Elizabethans didn't watch Shakespeare from red, cinema-style flip-back seats. Odessans do. "Folks here expect comfort. They wouldn't stand for three hours – not even for the President," says Anthony Ridley, the Globe's Artistic Director. The roof (painted sky-blue inside) is a concession to the climate – stage make-up and theatre goers would melt in the Texas sun. "We'd prefer thatch but it would burn," says Ridley, pointing to his parched rose garden.

Grafted alongside the Globe is a full-size, air-conditioned replica of Anne Hathaway's cottage complete with two fitted kitchens, one of which can be reached by a lift. Built in 1988, the cottage acts as a library, meeting place and costume shop.

"I fell in love with the cottage on a trip to Stratford-upon-Avon. I returned on reconnaissance but nobody would tell me about the cottage's dimensions and construction," grumbles Bill Rochester, a local entrepreneur and arts patron. "So I took a bunch of photos and bought little models. We based our plans on them," he says.

Nationalist snobs and Shakespeare purists may sniff at the Globe of the Great Southwest, but its boards were being trod 30 years before Sam Wanamaker broke ground on South Bank. And, due to its inauthentic roof, it enjoys superior acoustics. Hathaway's Texan hideaway can be forgiven as a kitschy crime of passion.

"We no longer claim to be an authentic replica of Shakespeare's Globe," explains Ridley, who was imported from New York City with his wife, Kathryn Graybill, and charged with turning the Globe around. Along with the health of its founder, Marjorie Morris, and the fortunes of oil-dependent Odessa, the theatre had declined. "When we arrived, the Globe was run down. Most productions were poor and audiences had drifted away," says Ridley, who hasn't had a decent cappuccino for 18 months. Graybill is more direct: "Without Mrs Morris there would be no Globe. Without oil there would be no Odessa. Without either, the Globe almost closed."

With no new boom in sight, Odessans are weaning themselves off oil. Many view the Globe as a symbol of the city's nascent economic diversification. Consequently, arts funding is finding its way here. Ridley and Graybill plan to woo professional players and bigger audiences back to the Globe, which is currently a home for community theatre. Community theatre is a great thing, but the trouble is, no one travels to see it.
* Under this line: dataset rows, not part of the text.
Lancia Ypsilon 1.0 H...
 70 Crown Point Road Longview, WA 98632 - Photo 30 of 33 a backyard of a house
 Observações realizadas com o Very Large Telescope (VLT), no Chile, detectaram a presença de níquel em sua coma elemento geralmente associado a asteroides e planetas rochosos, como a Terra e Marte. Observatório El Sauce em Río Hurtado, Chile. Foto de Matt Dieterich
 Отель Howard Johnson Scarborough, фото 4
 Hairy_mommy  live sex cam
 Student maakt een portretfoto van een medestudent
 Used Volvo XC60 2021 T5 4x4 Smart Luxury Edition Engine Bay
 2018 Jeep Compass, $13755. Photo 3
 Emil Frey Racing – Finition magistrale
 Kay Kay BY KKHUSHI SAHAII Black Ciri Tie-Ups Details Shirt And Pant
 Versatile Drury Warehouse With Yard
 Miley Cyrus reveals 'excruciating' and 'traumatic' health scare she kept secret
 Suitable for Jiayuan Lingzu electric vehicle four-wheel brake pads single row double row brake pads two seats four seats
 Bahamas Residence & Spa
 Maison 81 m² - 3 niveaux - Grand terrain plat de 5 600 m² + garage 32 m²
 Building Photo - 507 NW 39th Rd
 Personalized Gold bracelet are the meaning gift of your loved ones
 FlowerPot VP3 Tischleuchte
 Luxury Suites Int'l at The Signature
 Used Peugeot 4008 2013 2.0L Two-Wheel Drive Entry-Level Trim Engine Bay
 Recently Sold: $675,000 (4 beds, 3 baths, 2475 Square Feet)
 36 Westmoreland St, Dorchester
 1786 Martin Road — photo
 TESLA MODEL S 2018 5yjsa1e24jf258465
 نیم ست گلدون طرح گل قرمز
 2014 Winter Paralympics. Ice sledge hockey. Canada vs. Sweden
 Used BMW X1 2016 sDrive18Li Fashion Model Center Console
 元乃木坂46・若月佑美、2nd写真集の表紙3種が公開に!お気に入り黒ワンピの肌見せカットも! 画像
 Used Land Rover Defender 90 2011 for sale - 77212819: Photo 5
Ridley, who first visited the Globe as an actor in 1980, has big plans: "I didn't move here just to run a community theatre. In 1968, the Globe ran the first professional Shakespeare festival in Texas. We're re-launching it this year."

Ridley's vision of Shakespeareville has a precedent in Oregon, where a dying sawmill town was revived by what is now the USA's biggest Shakespeare festival. "There's no reason why we couldn't do that here," he says.

Actually, there might be one. Despite dying last year, Marjorie Morris remains a strong presence at the theatre she began building in 1958. "Marjorie was very forceful," says Rochester. "She built that theatre board by board, beam by beam. Bankers in Odessa have a back door, so they could escape when they saw Marjorie coming. If she caught them they couldn't say no."

Having hounded the county sheriff into the toilet and doorstepped every Odessan with cash, Morris raised the money to build her shrine to Shakespeare. The daughter of a Nazarene preacher, Morris was as devout as she was determined: Shakespeare would have to share the stage with Jesus.

"Shakespeare is full of profanity and Marjorie didn't condone it," explains Geneva Hooton, one of Morris's closest friends. "She thought she could replace it with something pretty. Marjorie promised God the Globe would be used for good, truth and beauty."

Lady Morris, as she liked to be called, was obsessed with foul language. Hamlet was very different by the time she'd finished with it. Costumes were also altered, as Morris raised plunging necklines and flattened pert bosoms. The sign she hung in the theatre forbidding blasphemy remains, alongside a vast canvas depicting Morris costumed in full Gloriana drag.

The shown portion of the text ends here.